The trading volume on the leading prediction markets platforms, Polymarket and Kalshi, has hit a new record high, surpassing the previous peak reached during the US presidential election last year.
The recent jump in trading activity offers one of the clearest indications yet of the growing excitement around the exchanges that allow investors to bet on the likelihood of real-world events, just as financial firms like CME Group Inc. and Intercontinental Exchange Inc. look for a way into these hot markets.
Kalshi and Polymarket saw notional trading volume rise above $2 billion for the first time, during the week ending Oct. 19, according to publicly available data collated by the user dunedata on Dune Analytics. That figure eclipses the frenzied trading seen during last year’s US presidential election, when the two platforms first entered the financial mainstream.
The growth over the past two months has been driven in large part by the popularity of sports betting on the New York-based exchange Kalshi, which has used its financial license to offer gambling nationwide, in defiance of state gaming regulators. But betting on politics, cultural events and economic indicators has also generally been trending up.
These platforms have captured the attention of sports gamblers, retail investors and professional traders by blurring the line between speculation and information.
To their backers, prediction markets are the next step in the democratization of trading — crowdsourced probability engines that reveal sentiment faster than polls or analysts. To critics, they are simply financialized entertainment, built on the same adrenaline loops that have fueled meme stocks and crypto tokens.
Sports-focused bets were the top category on both platforms last week, pulling in $867 million in trading on Kalshi and $415 million on Polymarket, which is not legally available to US customers. The return of college football in August and the NFL season in September prompted a significant uptick in volumes across both platforms, but particularly on Kalshi, where a partnership with trading app Robinhood Markets Inc. has drawn in new users.
In prediction markets, customers purchase contracts that will settle at either zero or $1 after the event in question is resolved. The figures on Dune capture notional volume — a measure that counts one side of each trade — to make volumes on the two exchanges more directly comparable. Polymarket’s data is sourced from its public blockchain, while Kalshi’s comes from exchange disclosures.
A Kalshi spokesperson confirmed the dashboard data for its platform was accurate. A Polymarket spokesperson said the data was the best available publicly, adding that “there are always nuances to it.”
Betting surrounding the US election supercharged growth on Polymarket and Kalshi last year, after Kalshi won a lawsuit against its regulator, the Commodity Futures Trading Commission, that allowed it to legally open trading on who would win the presidential vote.
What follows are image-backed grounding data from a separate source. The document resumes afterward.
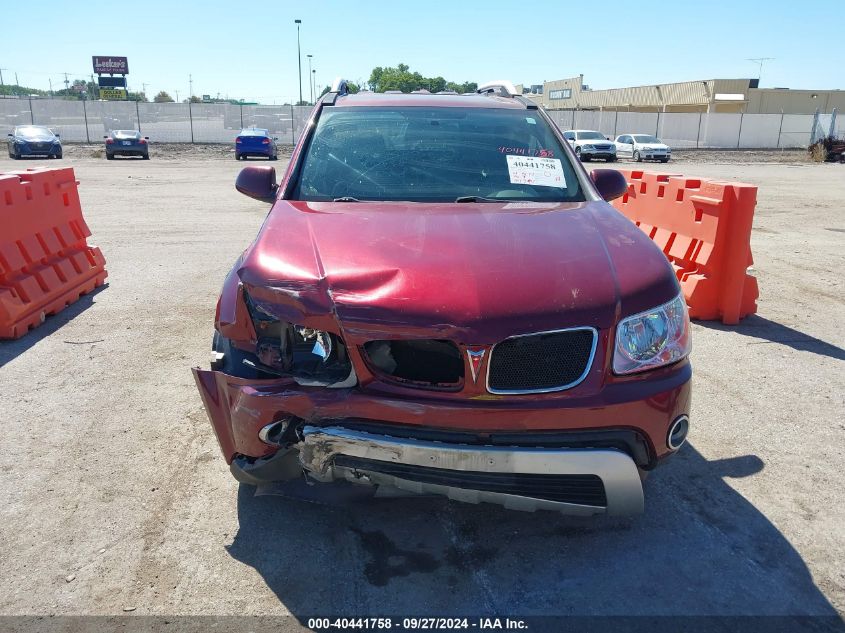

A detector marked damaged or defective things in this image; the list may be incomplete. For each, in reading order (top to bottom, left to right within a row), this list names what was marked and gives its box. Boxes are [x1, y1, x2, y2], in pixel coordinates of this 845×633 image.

broken headlight [244, 292, 352, 386]
damaged red suv [193, 80, 692, 512]
damaged hood [239, 200, 680, 344]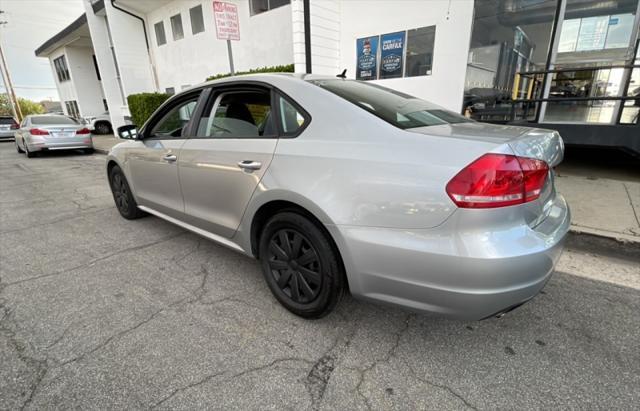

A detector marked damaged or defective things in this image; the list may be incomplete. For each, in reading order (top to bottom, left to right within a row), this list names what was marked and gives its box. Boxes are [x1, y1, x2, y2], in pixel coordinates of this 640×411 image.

crack in asphalt [3, 232, 188, 290]
crack in asphalt [149, 358, 312, 408]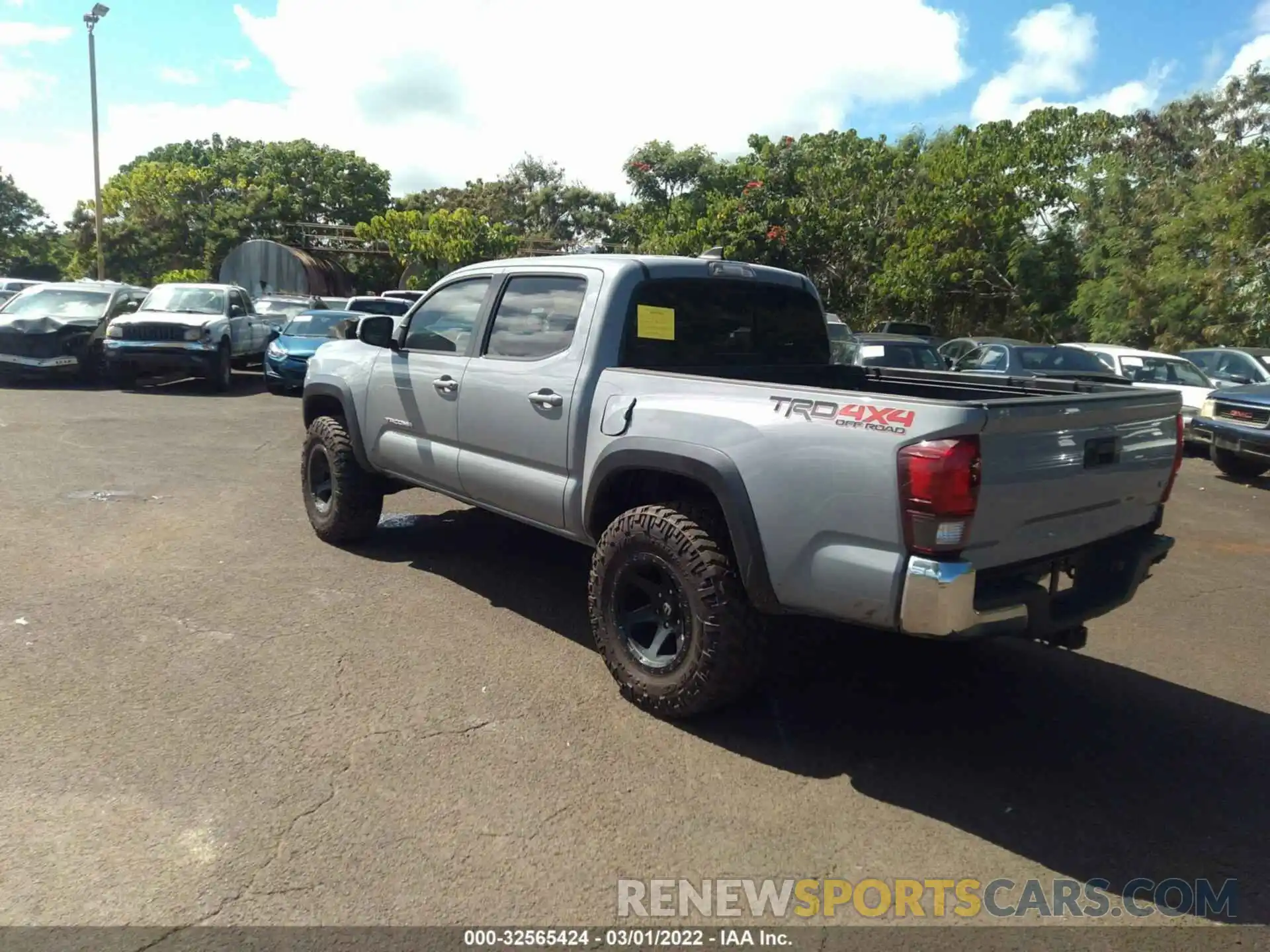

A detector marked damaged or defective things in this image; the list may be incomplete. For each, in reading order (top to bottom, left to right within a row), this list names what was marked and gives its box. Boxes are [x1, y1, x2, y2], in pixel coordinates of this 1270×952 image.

damaged vehicle [0, 280, 149, 381]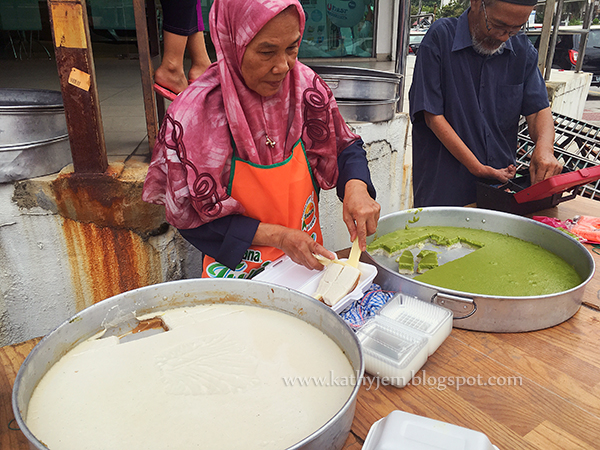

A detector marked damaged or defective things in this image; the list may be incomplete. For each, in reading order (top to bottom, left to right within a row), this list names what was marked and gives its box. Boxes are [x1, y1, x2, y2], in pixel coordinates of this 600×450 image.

rusty metal pole [47, 0, 109, 174]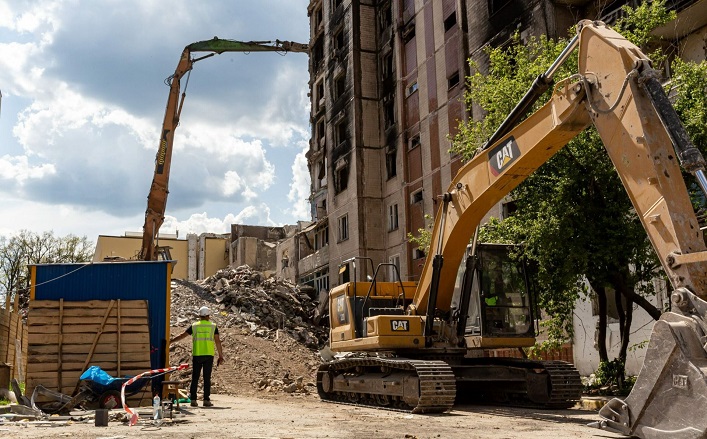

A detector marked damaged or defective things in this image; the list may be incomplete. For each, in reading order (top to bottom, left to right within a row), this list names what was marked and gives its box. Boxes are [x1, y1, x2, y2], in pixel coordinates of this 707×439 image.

burnt building facade [302, 0, 704, 290]
damaged apartment building [300, 0, 707, 292]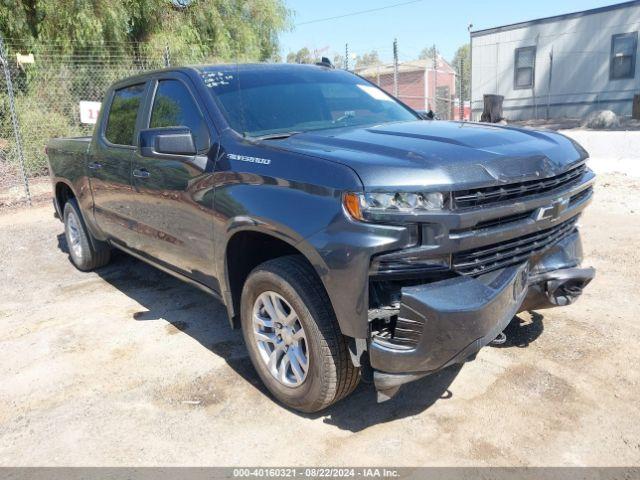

Traders on both exchanges gave President Donald Trump high odds of winning, and Trump and his family embraced the nascent industry, with Donald Trump Jr. joining both companies as an adviser.
It was previously assumed that sports betting would be prohibited by the CFTC, which oversees Kalshi. But after Trump won the election, another player in these markets, Crypto.com, opened trading on sports, and Kalshi followed suit.
Several state gaming regulators have claimed that Kalshi’s markets run afoul of their laws. But Kalshi has fought back in court and other financial firms are now looking to enter the fray.
The exchange giant CME is planning to introduce contracts tied to sports games, Bloomberg reported last week. The owner of the New York Stock Exchange, ICE, recently announced that it is investing $2 billion for a stake in Polymarket.
Polymarket currently bars US customers after previous legal tangles with US regulators, but it is now planning to re-enter the US and recently purchased a CFTC-regulated derivatives exchange, QCX.
The expansion into sports has hit the shares of online gambling platforms like DraftKings Inc. and FanDuel owner Flutter Entertainment Inc., which generally only operate in states where gaming regulators allow it.
Kalshi made a further push into the business when it recently debuted parlays, low-odds wagers on a series of outcomes bundled together
While Polymarket was the larger of the two rivals, the boost in sports betting pushed Kalshi above Polymarket in overall notional volume in late August, data showed. Polymarket reclaimed the crown last week, with sports volumes more than doubling relative to a month earlier.
Some users reported technical issues when attempting to trade on Kalshi on Oct. 18, during peak hours for Saturday football games. The same Kalshi spokesperson said the exchange had encountered data loading delays “due to extreme demand,” but that its back-end exchange remained online throughout. The issues have since been resolved, they added.